Irreplaceable Bob Ackles made B.C. Lions roar again

It was late September or early October, and I can’t recall whether it was 2003 or 2005. I know for certain it wasn’t 2004 because the National Hockey League wasn’t playing due to its lockout. The dates don’t really matter now.

What was important then, and now, is that a letter on B.C. Lions letterhead arrived in an envelope bearing a Lions logo. It was typewritten in black, but there in blue ballpoint was Bob Ackles’s signature at the bottom. I can still see the letter, and I wish now that I had saved it.

The president and CEO of the Lions was taking me to task for a column I had written in the Straight weeks earlier. The thrust of my column was that Ackles should use his tremendous clout gained in the decades he’d been a power broker in the Canadian Football League to move a Lions game scheduled for B.C. Place Stadium the same night as the first Saturday night game of the new Vancouver Canucks season. I reasoned that the Canucks would sell out their game and the Lions would lose out at the gate as a result.

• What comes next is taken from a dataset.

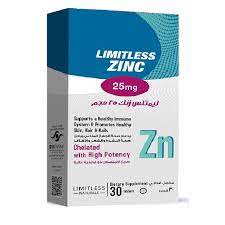 LIMITLESS ZINC 25 MG 30 TABS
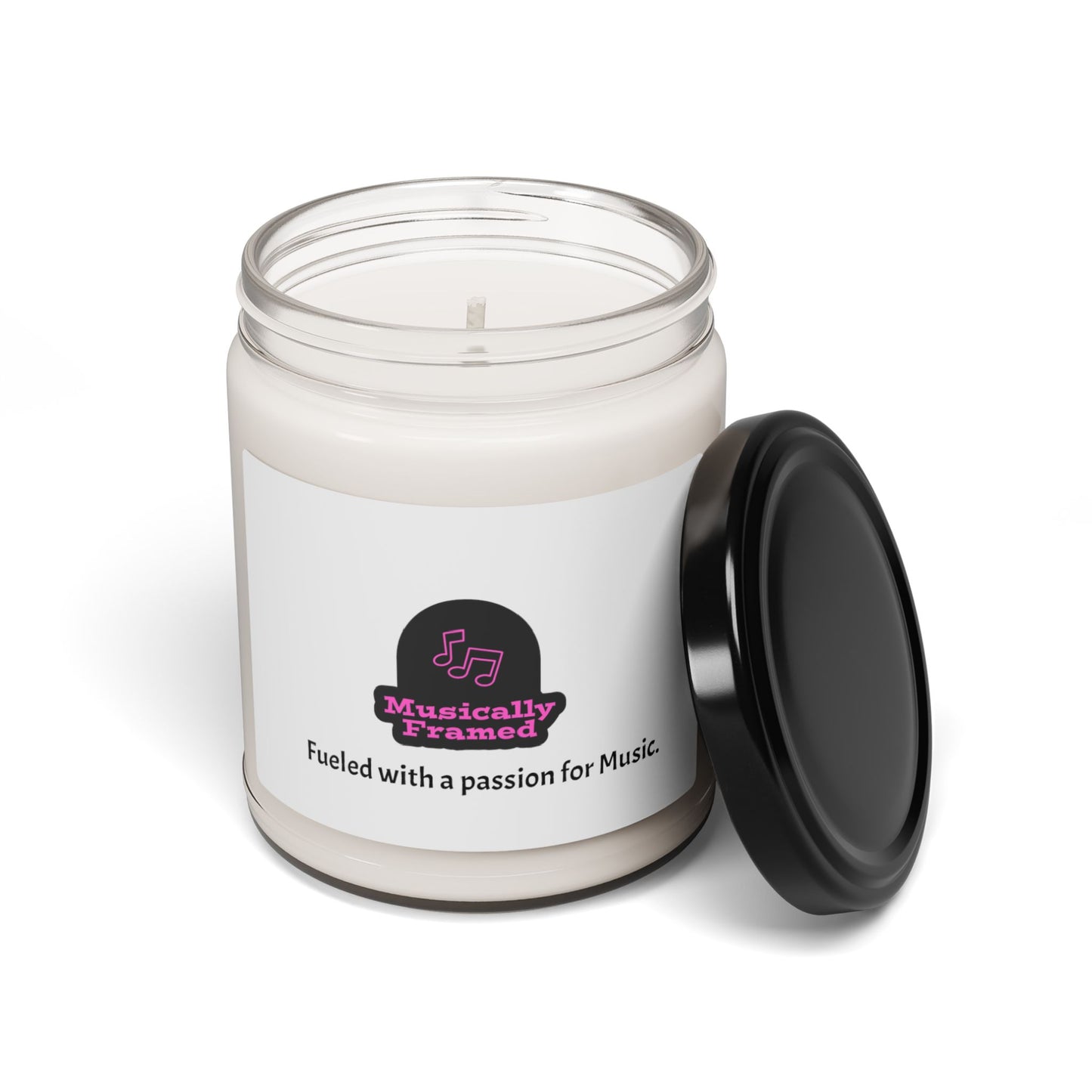 Apple Harvest 9oz Scented Soy Candle - "Fueled with a passion for Music."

In those instances where the two teams had conflicting home-game schedules, the Canucks would always put 18,000 people in the seats at GM Place, but the Lions always had room for more. Without a conflict, some of the hockey fans would likely buy a ticket for the football game. So even though the Lions schedule was released first, they were the ones who had the most to gain by getting away from going head-to-head with hockey. I was merely offering some free advice.

Ackles didn’t want any and let me know in no uncertain terms.

Line by line and point by point, Ackles countered my suggestions in his letter. And, as always, his arguments were sound and accompanied by facts to strengthen his position. He wasn’t going to back down from a scheduling conflict with his sporting cousins across the street, and he sure as hell wasn’t going to let a fledgling columnist tell him when and where his football team should take the field.

That was the Bob Ackles I will always remember: fiercely proud of and loyal to the football team he was associated with for more than 50 years and ready to defend both the Lions and the CFL whenever necessary.

What I’ll always remember about our little spat is that the next time I ran into Ackles, he didn’t snub me or hold any kind of grudge. Instead, he approached me asking if he could join me on my radio show to take the debate to the people.

As much as Ackles understood football, he understood the art of selling football even better. And he knew that by taking to the airwaves to debate the subject, he’d be getting 15 minutes to sell more tickets.

I had the good fortune of interviewing Ackles dozens of times on the radio. Virtually every request to have him as a guest was accepted. In a hockey-first market like this one, Ackles had the foresight to realize that every time he was on the radio it meant the topic would be football and not hockey.

Because of that, it was almost commonplace for Ackles to do interviews while on holidays, while out for dinner with his wife, Kay, during business meetings, or between flights at an airport. I remember him stepping off a flight from Toronto late one night, retrieving my request for an interview from his voice mail, and then joining me from the baggage-claim area at YVR to talk football.

Ackles was a master in making people feel the same way he did about the Lions all these years. And it’s such a shame that he’s gone at the young age of 69.

When the Leos got their hands on the Grey Cup in 2006, that evening in Winnipeg was clearly the pinnacle in Ackles’s rebuilding and rebranding of the team that was on life support before he returned to the scene in 2002.

But as much as he loved sporting the championship ring from that achievement, his proudest moments in recent years were likely the four near-capacity crowds under the dome for four consecutive western finals, from 2004 to 2007. Ackles loved a full house, and through all of his hard work in the office and in the corporate community, he made the Lions and the CFL relevant again.

On game nights, Ackles was in his element. He was down on the field, and he was up in the suites. He was cruising through the press box, and he was out on the plaza shaking hands with the ticket-buying public. It often seemed as if there six of him, but, of course, there was only one Ackles. And while there will one day be another president of the B.C. Lions, there will never be another Bob Ackles.

There’s bound to be much discussion about permanent and lasting memorials to a man who was short in stature but who was larger than life. But in the meantime, there could be no better tribute to the man who gave his life to the B.C. Lions than filling the dome for the team’s next home game on July 18. He’d love it.

It’s a wonderful thing that B.C. Place Stadium will soon be fitted with a retractable roof. However, it’s unfortunate it can’t happen sooner than 2011. When the dome is open, you just know that Ackles will be looking down from above.

And he won’t care what’s going on next door at GM Place—because to Ackles, B.C. Place was always the place to be.